Friday, October 8, 2010


Thirty years ago marks the very first group of Amish to be 'recruited' to 12th and Arch otherwise known as the old Reading Terminal Market. Along with the market's anniversary festivities and the hustle and bustle of goodies, there was the offering of FREE slices of Shoofly pie. So the special 30th-anniversary discounts tended to be for thick banana pudding, chicken sandwiches and giant blueberry pancakes, turkey scrapple and chunks of fudge.

The plainness of the Amish people is whats so beautiful and now that old order has rearranged itself a bit. At one time you could choose from a jewel box full of farm-fresh goose, chicken, quail and duck eggs- now there's a stand with scary colored salads and and an array of pickles. "No money anymore in eggs," a vendor nearby explained.

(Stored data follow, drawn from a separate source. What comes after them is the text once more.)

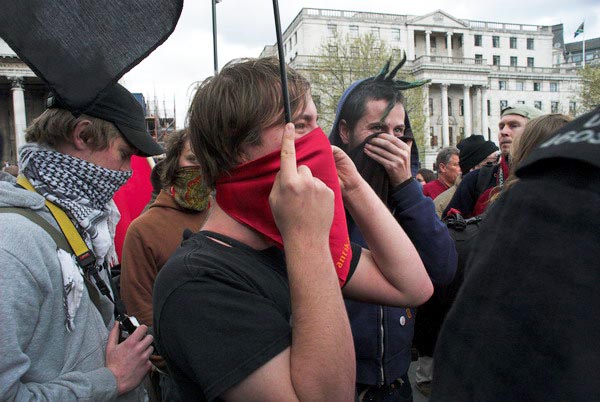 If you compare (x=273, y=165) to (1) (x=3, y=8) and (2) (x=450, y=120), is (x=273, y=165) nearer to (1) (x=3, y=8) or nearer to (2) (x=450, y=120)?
(1) (x=3, y=8)

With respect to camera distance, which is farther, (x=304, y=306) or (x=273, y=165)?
(x=273, y=165)

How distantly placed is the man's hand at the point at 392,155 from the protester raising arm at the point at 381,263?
1.62 ft

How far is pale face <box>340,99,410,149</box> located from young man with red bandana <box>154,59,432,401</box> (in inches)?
42.3

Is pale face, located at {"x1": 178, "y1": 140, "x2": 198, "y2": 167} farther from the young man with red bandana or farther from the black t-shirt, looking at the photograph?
the black t-shirt

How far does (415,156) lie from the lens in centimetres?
285

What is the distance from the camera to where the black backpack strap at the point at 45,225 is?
1659 mm

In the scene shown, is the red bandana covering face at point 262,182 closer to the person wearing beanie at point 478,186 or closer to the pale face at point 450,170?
the person wearing beanie at point 478,186

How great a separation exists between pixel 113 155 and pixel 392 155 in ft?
4.13

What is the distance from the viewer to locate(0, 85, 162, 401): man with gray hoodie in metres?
1.47

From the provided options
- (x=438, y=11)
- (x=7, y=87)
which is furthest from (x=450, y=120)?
(x=7, y=87)

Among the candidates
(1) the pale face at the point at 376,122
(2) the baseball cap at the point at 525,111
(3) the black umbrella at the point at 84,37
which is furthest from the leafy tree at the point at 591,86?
(3) the black umbrella at the point at 84,37

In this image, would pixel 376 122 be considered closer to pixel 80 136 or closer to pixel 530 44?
pixel 80 136

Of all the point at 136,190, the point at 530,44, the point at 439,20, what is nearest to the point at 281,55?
the point at 136,190

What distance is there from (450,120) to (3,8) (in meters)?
63.8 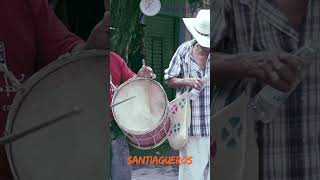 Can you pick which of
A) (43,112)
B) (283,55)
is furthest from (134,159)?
(283,55)

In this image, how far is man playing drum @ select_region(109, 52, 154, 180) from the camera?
3.28m

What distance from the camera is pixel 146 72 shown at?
128 inches

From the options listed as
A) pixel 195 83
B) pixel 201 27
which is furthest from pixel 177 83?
pixel 201 27

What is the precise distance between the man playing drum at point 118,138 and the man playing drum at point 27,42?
0.62 ft

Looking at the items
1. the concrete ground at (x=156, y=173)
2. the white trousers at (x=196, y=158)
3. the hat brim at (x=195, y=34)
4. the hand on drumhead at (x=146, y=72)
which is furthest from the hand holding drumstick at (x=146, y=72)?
the concrete ground at (x=156, y=173)

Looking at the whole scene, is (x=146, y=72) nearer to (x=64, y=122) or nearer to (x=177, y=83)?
(x=177, y=83)

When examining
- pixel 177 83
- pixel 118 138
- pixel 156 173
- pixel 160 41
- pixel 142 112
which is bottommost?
pixel 156 173

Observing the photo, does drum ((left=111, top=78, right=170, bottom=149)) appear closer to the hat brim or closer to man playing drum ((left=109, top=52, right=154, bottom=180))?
man playing drum ((left=109, top=52, right=154, bottom=180))

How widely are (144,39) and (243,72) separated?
0.79 metres

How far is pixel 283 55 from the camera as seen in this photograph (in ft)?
12.0

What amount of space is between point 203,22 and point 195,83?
0.37m

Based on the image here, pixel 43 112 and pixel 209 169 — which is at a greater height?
pixel 43 112

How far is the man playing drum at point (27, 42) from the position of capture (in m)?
3.45

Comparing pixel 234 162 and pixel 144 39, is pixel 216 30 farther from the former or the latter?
pixel 234 162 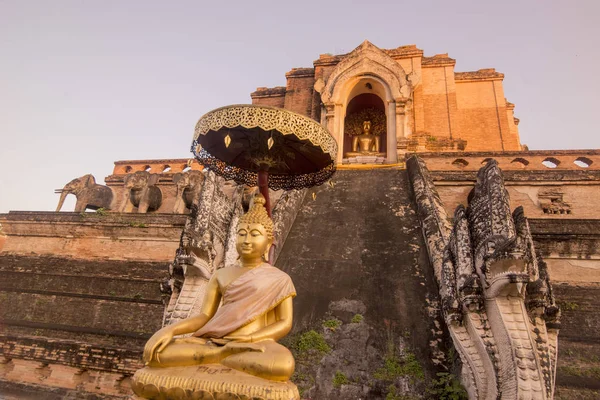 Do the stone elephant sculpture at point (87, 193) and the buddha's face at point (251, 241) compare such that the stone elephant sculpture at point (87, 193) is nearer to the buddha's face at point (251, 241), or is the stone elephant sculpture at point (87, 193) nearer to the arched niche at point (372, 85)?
the arched niche at point (372, 85)

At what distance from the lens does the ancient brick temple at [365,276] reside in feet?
13.4

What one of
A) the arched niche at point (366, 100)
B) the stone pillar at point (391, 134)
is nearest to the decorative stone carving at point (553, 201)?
the stone pillar at point (391, 134)

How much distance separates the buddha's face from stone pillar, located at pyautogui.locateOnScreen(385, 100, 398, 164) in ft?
38.5

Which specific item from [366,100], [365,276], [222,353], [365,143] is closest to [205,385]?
[222,353]

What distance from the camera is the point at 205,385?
2.66 meters

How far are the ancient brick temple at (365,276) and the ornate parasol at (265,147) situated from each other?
0.37 metres

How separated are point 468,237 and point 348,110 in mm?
15786

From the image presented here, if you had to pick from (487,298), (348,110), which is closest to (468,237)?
(487,298)

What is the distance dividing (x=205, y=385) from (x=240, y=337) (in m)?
→ 0.49

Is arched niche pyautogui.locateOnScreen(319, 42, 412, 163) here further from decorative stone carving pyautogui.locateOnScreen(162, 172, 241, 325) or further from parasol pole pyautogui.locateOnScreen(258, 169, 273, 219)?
decorative stone carving pyautogui.locateOnScreen(162, 172, 241, 325)

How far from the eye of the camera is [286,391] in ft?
8.64

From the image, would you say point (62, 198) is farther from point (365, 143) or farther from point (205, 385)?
point (365, 143)

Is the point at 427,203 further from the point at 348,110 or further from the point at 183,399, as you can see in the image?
the point at 348,110

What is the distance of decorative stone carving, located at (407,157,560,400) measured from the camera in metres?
3.66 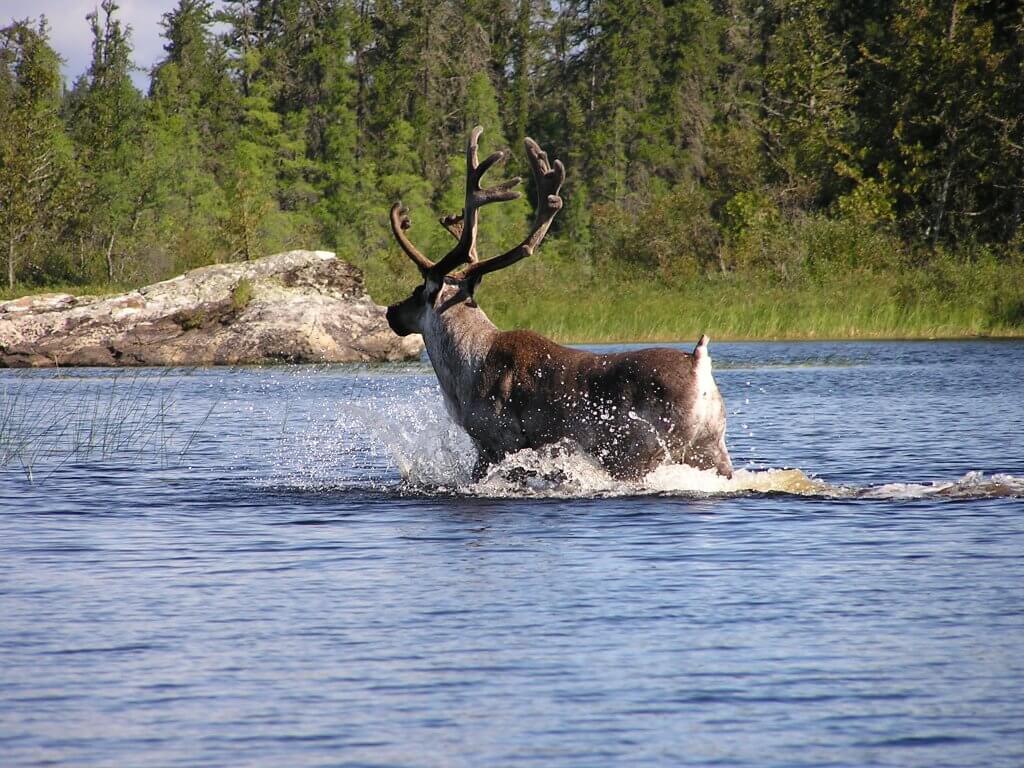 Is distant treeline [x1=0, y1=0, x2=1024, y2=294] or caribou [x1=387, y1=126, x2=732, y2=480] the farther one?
distant treeline [x1=0, y1=0, x2=1024, y2=294]

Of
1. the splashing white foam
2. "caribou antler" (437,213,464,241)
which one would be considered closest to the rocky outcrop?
the splashing white foam

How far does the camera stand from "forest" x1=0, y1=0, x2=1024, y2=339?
41.0 meters

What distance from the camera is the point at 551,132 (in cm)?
7869

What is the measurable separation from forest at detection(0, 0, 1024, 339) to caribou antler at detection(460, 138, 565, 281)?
22.9m

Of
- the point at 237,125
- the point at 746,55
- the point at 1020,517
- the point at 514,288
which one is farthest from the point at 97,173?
the point at 1020,517

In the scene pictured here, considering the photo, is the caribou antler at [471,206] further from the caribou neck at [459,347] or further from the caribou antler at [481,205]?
the caribou neck at [459,347]

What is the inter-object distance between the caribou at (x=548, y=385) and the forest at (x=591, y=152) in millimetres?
23209

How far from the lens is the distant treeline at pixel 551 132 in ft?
150

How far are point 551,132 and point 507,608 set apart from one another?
7252 cm

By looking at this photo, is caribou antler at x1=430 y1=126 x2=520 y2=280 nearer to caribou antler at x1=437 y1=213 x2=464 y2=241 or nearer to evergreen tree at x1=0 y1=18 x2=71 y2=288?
caribou antler at x1=437 y1=213 x2=464 y2=241

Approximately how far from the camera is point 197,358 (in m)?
30.0

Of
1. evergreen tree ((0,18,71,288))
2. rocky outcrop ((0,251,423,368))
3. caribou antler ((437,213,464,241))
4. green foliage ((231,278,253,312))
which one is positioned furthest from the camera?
evergreen tree ((0,18,71,288))

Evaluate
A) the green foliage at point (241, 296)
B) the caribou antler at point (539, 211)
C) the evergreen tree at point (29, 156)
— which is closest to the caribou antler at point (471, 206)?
the caribou antler at point (539, 211)

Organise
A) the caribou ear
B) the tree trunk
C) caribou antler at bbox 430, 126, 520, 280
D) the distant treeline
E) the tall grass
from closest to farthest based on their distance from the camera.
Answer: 1. the caribou ear
2. caribou antler at bbox 430, 126, 520, 280
3. the tall grass
4. the distant treeline
5. the tree trunk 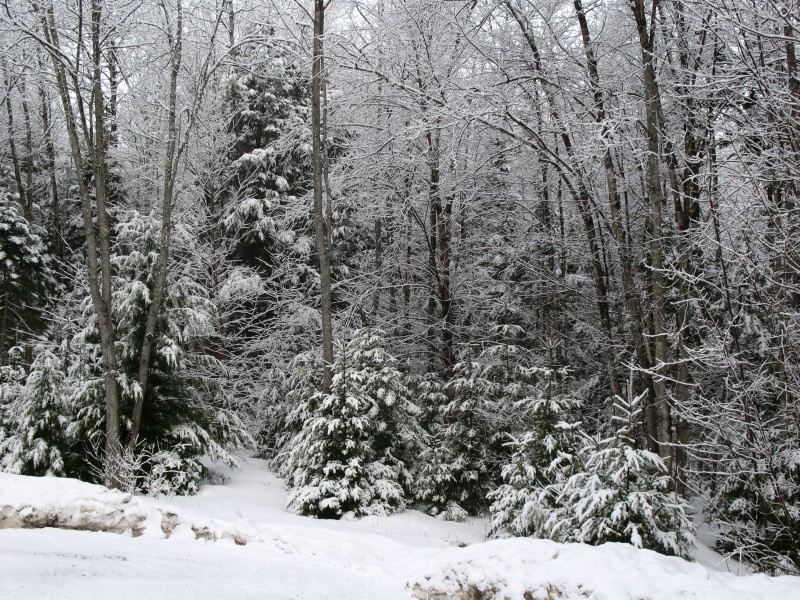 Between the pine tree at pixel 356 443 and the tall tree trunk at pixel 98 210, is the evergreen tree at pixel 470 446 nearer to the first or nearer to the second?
the pine tree at pixel 356 443

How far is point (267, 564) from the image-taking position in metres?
5.00

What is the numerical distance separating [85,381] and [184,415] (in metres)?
1.81

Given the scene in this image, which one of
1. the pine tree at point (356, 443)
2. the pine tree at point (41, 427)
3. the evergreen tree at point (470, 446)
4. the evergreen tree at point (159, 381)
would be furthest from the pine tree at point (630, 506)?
the pine tree at point (41, 427)

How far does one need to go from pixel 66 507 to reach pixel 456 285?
29.6 ft

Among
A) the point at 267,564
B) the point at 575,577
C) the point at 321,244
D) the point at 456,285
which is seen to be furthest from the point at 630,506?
the point at 456,285

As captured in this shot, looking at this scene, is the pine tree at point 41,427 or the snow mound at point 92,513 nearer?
the snow mound at point 92,513

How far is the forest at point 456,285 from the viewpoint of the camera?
6.32 metres

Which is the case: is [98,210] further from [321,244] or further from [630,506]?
[630,506]

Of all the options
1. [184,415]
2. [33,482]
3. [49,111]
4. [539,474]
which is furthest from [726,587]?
[49,111]

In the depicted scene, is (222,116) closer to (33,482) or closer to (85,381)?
(85,381)

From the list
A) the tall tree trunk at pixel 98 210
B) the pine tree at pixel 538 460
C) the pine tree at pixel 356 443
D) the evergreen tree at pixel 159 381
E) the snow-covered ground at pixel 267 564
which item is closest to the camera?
the snow-covered ground at pixel 267 564

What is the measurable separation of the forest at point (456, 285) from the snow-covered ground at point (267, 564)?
4.46 feet

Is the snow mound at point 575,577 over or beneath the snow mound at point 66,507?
beneath

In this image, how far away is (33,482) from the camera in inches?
224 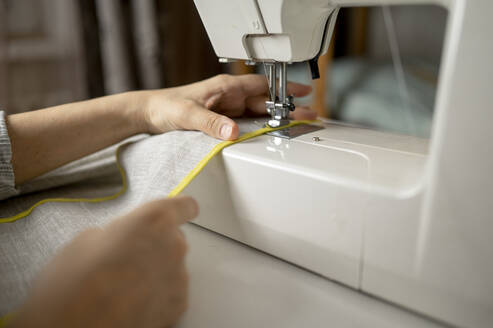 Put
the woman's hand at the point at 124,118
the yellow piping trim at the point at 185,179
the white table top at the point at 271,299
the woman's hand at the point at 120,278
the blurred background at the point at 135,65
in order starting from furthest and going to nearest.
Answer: the blurred background at the point at 135,65, the woman's hand at the point at 124,118, the yellow piping trim at the point at 185,179, the white table top at the point at 271,299, the woman's hand at the point at 120,278

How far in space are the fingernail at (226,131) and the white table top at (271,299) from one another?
0.19 metres

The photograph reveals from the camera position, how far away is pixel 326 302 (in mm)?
442

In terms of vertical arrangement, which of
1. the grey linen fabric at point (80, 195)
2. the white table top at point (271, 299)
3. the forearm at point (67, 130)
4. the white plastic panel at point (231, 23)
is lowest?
the white table top at point (271, 299)

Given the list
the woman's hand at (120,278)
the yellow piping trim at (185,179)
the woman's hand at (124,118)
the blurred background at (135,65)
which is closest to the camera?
the woman's hand at (120,278)

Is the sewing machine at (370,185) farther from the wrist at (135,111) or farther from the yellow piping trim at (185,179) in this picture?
the wrist at (135,111)

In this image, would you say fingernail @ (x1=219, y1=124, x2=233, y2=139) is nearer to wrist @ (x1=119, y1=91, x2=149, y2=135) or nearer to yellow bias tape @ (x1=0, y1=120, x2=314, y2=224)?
yellow bias tape @ (x1=0, y1=120, x2=314, y2=224)

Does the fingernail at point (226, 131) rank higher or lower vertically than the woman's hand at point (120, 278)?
higher

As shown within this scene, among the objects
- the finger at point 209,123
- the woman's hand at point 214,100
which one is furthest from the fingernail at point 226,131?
the woman's hand at point 214,100

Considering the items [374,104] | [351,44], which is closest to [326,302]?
[374,104]

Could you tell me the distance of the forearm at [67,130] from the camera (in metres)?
0.67

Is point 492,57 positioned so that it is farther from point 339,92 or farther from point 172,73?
point 172,73

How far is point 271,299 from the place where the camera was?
1.44ft

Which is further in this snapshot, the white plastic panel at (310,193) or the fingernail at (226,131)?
the fingernail at (226,131)

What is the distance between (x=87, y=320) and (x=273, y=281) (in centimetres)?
25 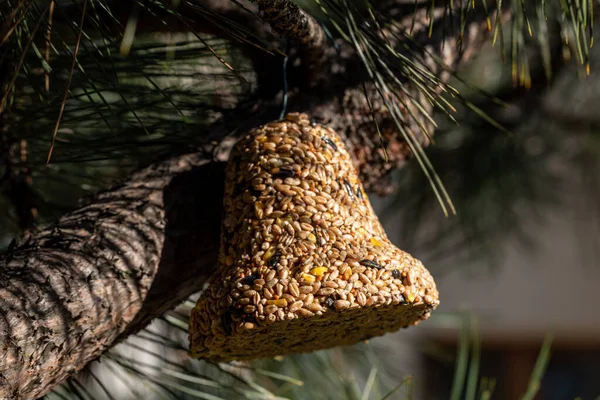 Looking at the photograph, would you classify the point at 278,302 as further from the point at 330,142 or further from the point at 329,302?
the point at 330,142

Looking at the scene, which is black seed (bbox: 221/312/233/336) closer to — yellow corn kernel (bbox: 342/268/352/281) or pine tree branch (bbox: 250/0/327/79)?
yellow corn kernel (bbox: 342/268/352/281)

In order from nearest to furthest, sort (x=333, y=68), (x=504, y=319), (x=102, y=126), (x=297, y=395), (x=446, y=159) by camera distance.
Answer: (x=333, y=68), (x=102, y=126), (x=297, y=395), (x=446, y=159), (x=504, y=319)

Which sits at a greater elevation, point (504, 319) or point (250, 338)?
point (250, 338)

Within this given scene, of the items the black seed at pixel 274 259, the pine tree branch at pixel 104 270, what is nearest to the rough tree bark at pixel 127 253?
the pine tree branch at pixel 104 270

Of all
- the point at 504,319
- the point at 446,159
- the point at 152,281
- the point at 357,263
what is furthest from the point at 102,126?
the point at 504,319

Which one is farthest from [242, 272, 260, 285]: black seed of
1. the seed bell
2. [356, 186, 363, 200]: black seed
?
[356, 186, 363, 200]: black seed

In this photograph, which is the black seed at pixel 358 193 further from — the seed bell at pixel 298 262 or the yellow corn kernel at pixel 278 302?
the yellow corn kernel at pixel 278 302

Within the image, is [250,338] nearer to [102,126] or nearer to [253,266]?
[253,266] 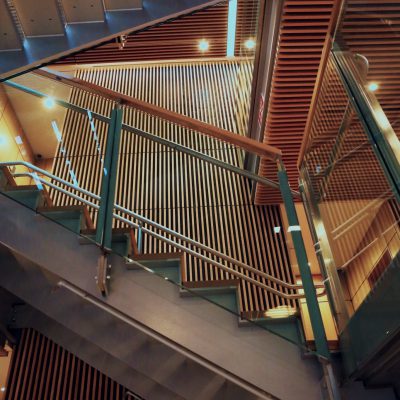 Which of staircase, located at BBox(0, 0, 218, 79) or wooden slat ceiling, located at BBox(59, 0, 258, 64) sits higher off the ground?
wooden slat ceiling, located at BBox(59, 0, 258, 64)

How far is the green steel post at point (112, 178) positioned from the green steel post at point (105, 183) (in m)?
0.01

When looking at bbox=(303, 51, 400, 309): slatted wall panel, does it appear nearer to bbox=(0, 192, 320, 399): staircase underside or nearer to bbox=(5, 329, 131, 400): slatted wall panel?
bbox=(0, 192, 320, 399): staircase underside

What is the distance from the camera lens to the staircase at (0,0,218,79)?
2.51 metres

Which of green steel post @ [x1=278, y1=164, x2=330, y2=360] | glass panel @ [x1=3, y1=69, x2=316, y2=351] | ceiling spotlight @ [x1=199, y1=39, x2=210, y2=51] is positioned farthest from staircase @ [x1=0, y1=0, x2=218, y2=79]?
ceiling spotlight @ [x1=199, y1=39, x2=210, y2=51]

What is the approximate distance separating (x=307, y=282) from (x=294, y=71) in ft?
7.52

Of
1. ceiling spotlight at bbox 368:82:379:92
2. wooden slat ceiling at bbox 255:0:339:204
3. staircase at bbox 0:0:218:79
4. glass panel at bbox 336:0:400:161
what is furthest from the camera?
wooden slat ceiling at bbox 255:0:339:204

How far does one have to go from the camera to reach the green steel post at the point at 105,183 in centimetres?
201

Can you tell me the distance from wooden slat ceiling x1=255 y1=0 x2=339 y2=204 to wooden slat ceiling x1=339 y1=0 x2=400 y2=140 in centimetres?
87

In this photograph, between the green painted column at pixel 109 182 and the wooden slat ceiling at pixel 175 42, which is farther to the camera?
the wooden slat ceiling at pixel 175 42

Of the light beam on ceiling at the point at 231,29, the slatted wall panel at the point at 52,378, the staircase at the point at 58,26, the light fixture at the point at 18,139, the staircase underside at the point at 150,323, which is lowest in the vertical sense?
the slatted wall panel at the point at 52,378

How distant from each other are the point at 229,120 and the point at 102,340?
4.81m

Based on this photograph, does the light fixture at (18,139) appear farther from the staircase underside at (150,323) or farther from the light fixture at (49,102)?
the staircase underside at (150,323)

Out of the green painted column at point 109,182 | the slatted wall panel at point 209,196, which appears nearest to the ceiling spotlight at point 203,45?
the slatted wall panel at point 209,196

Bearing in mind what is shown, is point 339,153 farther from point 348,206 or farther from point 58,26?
point 58,26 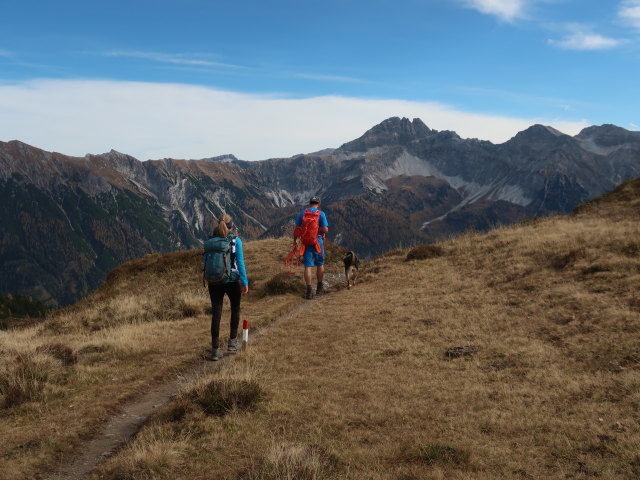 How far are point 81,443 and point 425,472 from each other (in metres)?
4.94

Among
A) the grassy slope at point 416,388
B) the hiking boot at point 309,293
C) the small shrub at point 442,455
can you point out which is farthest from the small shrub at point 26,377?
the hiking boot at point 309,293

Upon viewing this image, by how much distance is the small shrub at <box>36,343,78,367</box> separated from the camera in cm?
1064

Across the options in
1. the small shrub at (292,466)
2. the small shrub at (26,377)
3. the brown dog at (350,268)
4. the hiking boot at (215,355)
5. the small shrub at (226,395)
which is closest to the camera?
the small shrub at (292,466)

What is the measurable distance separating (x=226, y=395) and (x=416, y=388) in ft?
10.8

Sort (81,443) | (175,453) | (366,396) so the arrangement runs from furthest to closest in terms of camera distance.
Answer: (366,396) < (81,443) < (175,453)

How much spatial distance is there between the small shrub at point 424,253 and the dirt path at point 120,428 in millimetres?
14779

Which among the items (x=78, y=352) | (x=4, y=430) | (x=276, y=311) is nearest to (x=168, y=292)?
(x=276, y=311)

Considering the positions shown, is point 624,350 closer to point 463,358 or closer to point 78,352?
point 463,358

Aside from at Benuel Kauffman's, the stand beyond "the Amish corner" that was stacked high with peppers and bins of beets and snowy moons of cauliflower, there was a perfect little farm bounty. Nowadays, fresh and local meats and produce tend to congregate a few aisles over at the Fair Food Farmstand. Where as new-season apples, cabbages, sweet potatoes, and eggplant (many from Lancaster County farmers) were on sale last week.

In fact, these days little fresh produce is being sold at all by the "Amish," which has become the tag for the dozen merchant families of Amish and Mennonite background, not to mention some of the other Pennsylvania Dutch who trek in from Lancaster County. The roles haven't so much reversed as transformed in the Amish Quarter: The bottled milk and full-fat yogurt still comes from the precious Jersey cows on the farm and the beef tongue loaf, liverwurst, and ring pudding are made deep in the Pennsylvania Dutch country.

Thirty years every Wednesday through Saturday, the straw-hatted Amish (and often their children) have come to define the character of the market itself. Hopefully that comes with a free side of respect.